The Roadmap to Mediocrity

If you hold any sort of leadership role in high tech right now, you’re probably spending quite some time handling the roadmap for the upcoming year, or at least the next quarter. As someone who often preaches the importance of taking the time for long-term thinking, I have grown to dislike how most of these roadmap-compiling efforts are performed. Yes, any roadmap is likely better than no roadmap at all. However, if you’re anything like the preponderance of companies I see, your roadmap drives your engineering team to mediocrity, timidity, and complacency.

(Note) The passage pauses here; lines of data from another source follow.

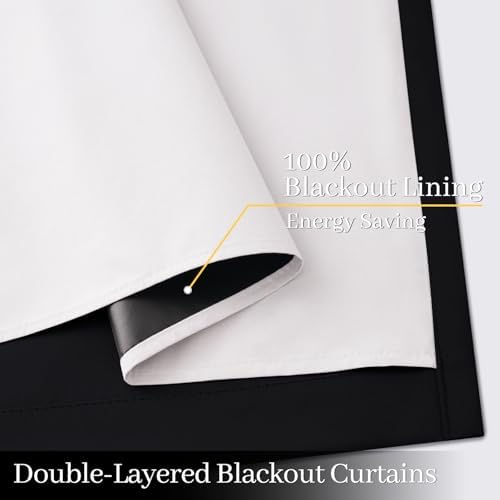 Yakamok Black 100% Blackout Curtains 84 Inches Long - Image 4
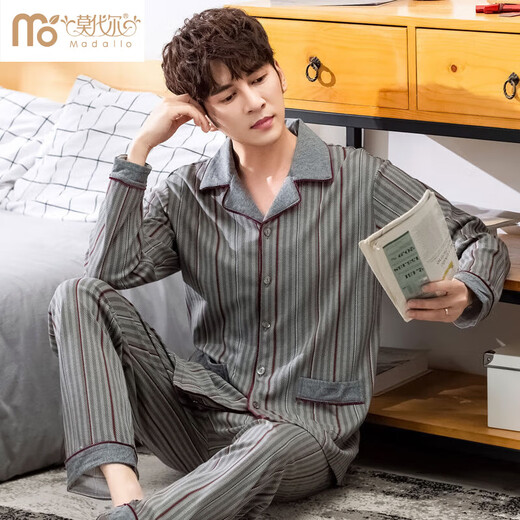 
Modal men's pajamas spring and autumn long sleeves set pure cotton youth loose plus fat size cotton autumn thin home clothing 9905 M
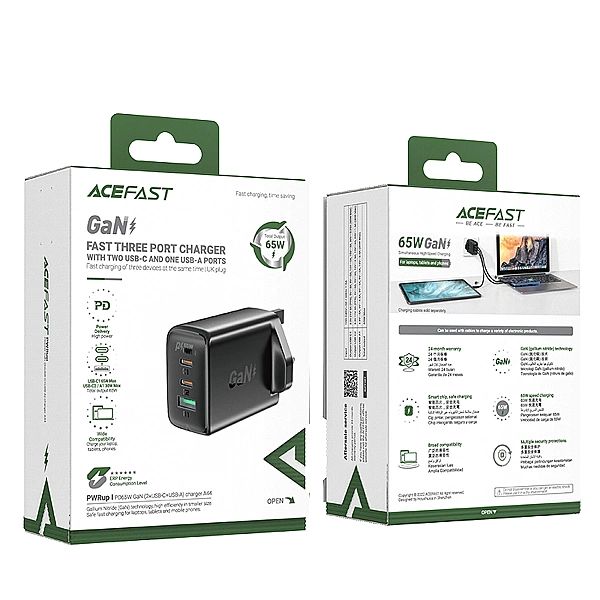 Acefast ładowarka GaN 65W 3 porty (1xUSB, 2xUSB C PD) wtyczka UK czarn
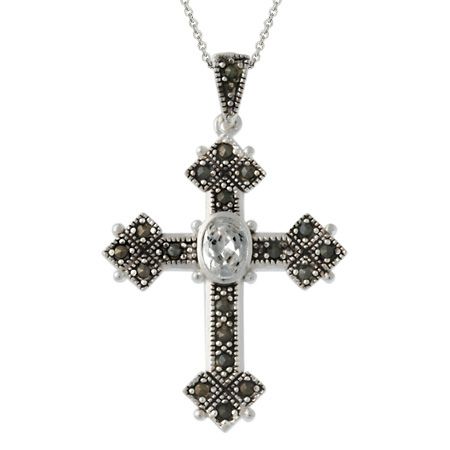 Sterling Silber Marcasit & CZ Cross Anhänger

Here are the most common pitfalls I see my clients getting into during their planning and roadmapping pomp and circumstance.

Participation-Award Plans

First and foremost, the easiest way to assure short-term “success” and long-term degeneration of any good team is creating roadmaps with no risk. A plan that you have 100% certainty will be achieved is too complacent for virtually any business. If your team doesn’t feel at least somewhat uncomfortable with the objectives they’re committing to, you’re playing in the little leagues.

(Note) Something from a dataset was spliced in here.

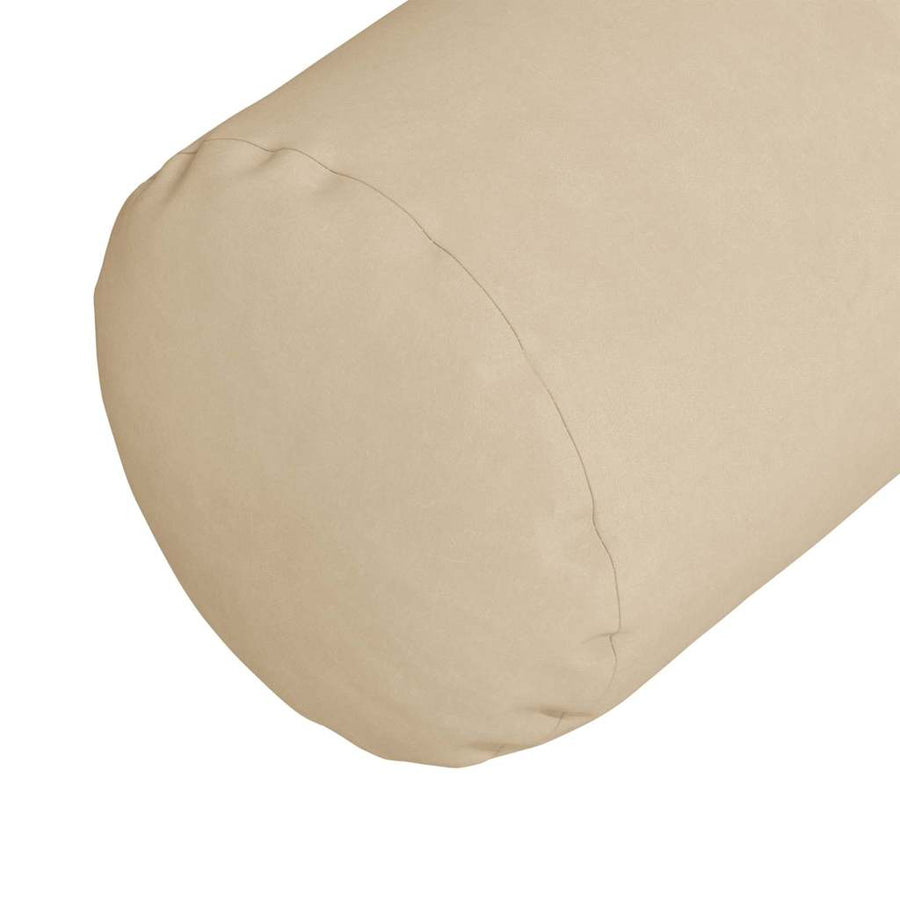 Bolster Kussens 2 pcs Crème Ø 25 x 70 cm Microvezel Stof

Now, you might be thinking, “easy roadmaps? Has this guy ever even talked to a startup?” That’s right; most executive teams don’t create roadmaps that are plainly “easy” to do. However, too often, the risk merely consists of a lot of work. Working harder is a cheat—it will work for a while. However, your roadmap should be a bit intimidating not because it requires a lot of hard work, but on the merit of requiring smart work. If you can see everything happening if the team burns the midnight oil a few times, you’re replacing ingenuity with sweat. For me, that’s not what high tech is about. Roadmaps should invigorate the team and keep them on the balls of their feet.

Order-Taking

CEO/VP Product: We’ll take those three features and one grande mobile app.

VP Engineering: Would you like some fries with that?

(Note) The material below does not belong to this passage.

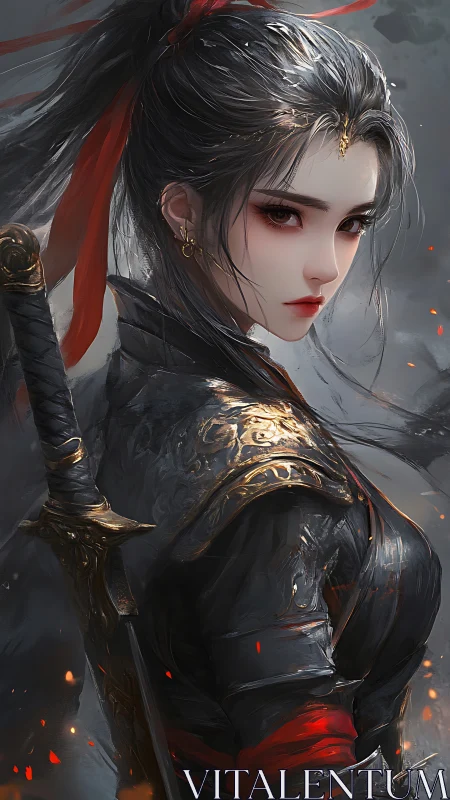 Silent ember warrior with crimson gaze and stormlit steel.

I keep harping about tech executives being too focused on the “tech” part and not understanding what “executive” means. You have a great responsibility, and with it should come great power. If you’re located too low in the decision stream, you’re handed over orders without having the ability to shape the work the company’s doing.

If your involvement in forming the roadmap boils down to merely playing the estimation game to decide what makes the cut, you’re selling yourself short. You, as a tech executive, should actively move upstream. Being placed there will allow you to get greater insight and more context. That, in turn, will enable you to help the company form strategies that make better use of your team. It also has the added benefit of making the team understand the reasoning behind objectives, unlocking feedback about ROI and trade-offs. In general, this makes you and your organization less of a JIRA machine.

Innovation Oblivion

We rarely end up having a lot of buffer space in roadmaps. Nevertheless, you should account for the extra time needed for experimentation, tinkering, innovations, and the failures that come with them. Otherwise, you are letting your team know that rote execution is more critical than putting their brains to use.

I’ve written more about managing non-feature work and discussed failing spectacularly on the Tech Exec Podcast (top 10 podcasts for CTOs for over a year now, BTW).

Prescribing Solutions

One last common pitfall is a continuation of the order-taking mentality. Where you specifically as the executive might be more involved, the roadmap and tasks given to your team can be too prescriptive. Rather than stating a goal or an objective and letting an empowered and autonomous team decide on the right way to tackle it, you tell them precisely what to do.

Like it or not, this is a form of micro-management that takes away your best people’s agency and creates a product and a team that is only as good as your solutions. Instead, consider empowering your team to make more decisions and create a solution that’s the sum of their best thinking.

Looking back at whatever roadmap efforts you’ve already done, how many of these mistakes can you spot? Pave a better road.